Une Américaine emprisonnée pour un meurtre commis à l'âge de 16 ans, alors qu'elle était forcée de se prostituer, a été libérée mercredi matin, ont annoncé les autorités pénitentiaires du Tennessee. Sa peine avait été commuée après l'intervention de plusieurs stars.

"Tôt ce matin, Cyntoia Denise Brown a été libérée de la prison pour femmes du Tennessee", ont indiqué les autorités pénitentiaires.

Cyntoia Brown, qui a reçu notamment le soutien de la chanteuse Rihanna ou de l'actrice Ashley Judd, avait été condamnée à la perpétuité en 2006 pour avoir tué un quadragénaire alors qu'elle était contrainte de se prostituer.
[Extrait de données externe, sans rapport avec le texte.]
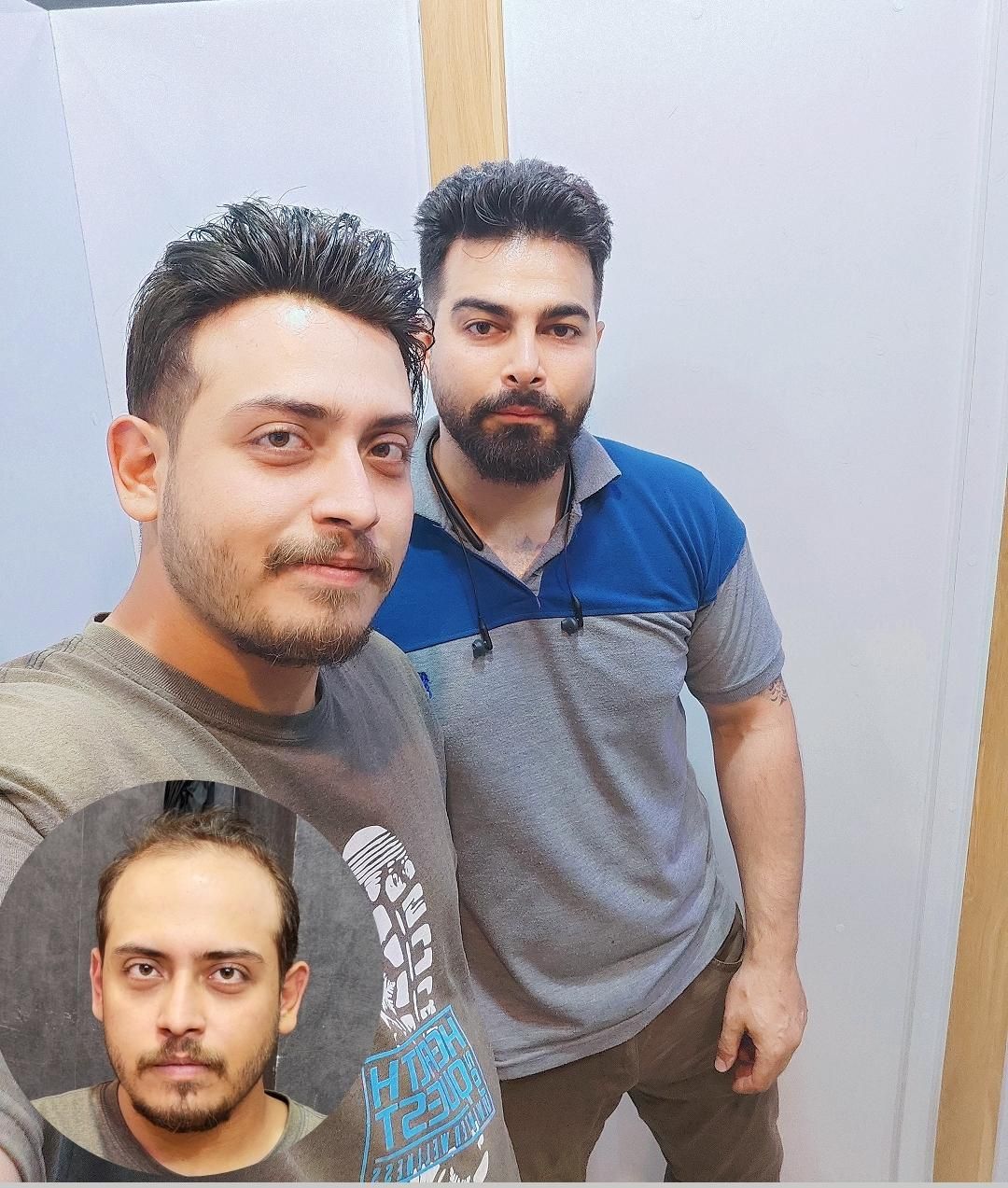 پروتز مو|آرایشی، بهداشتی، درمانی|تهران, سلسبیل جنوبی|دیوار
Lors de son procès, elle avait reconnu le meurtre. Mais elle avait expliqué qu'elle vivait à l'époque un cauchemar sous l'emprise d'un homme qui la forçait à se prostituer. Elle avait assuré avoir paniqué le jour du meurtre, en arrivant chez un client qui possédait de nombreuses armes à son domicile.

Evoquant un dossier "tragique et complexe", le gouverneur républicain du Tennessee Bill Haslam avait annoncé en janvier qu'il commuait sa peine.

Cyntoia Brown, qui a aujourd'hui 31 ans, a été remise en liberté après avoir purgé quinze ans de prison. Elle restera en liberté conditionnelle jusqu'en 2029.

Son histoire a fait l'objet d'un documentaire en 2011 et plusieurs personnalités s'étaient mobilisées pour la défendre.

Sous le hashtag #FreeCyntoiaBrown, Rihanna avait fustigé "un système qui laisse la voie libre aux violeurs mais jette la victime en prison à vie" et la vedette de télé-réalité Kim Kardashian avait jugé "affligeant de voir une jeune fille victime de trafic sexuel et qui a eu le courage de se défendre, être condamnée à perpétuité".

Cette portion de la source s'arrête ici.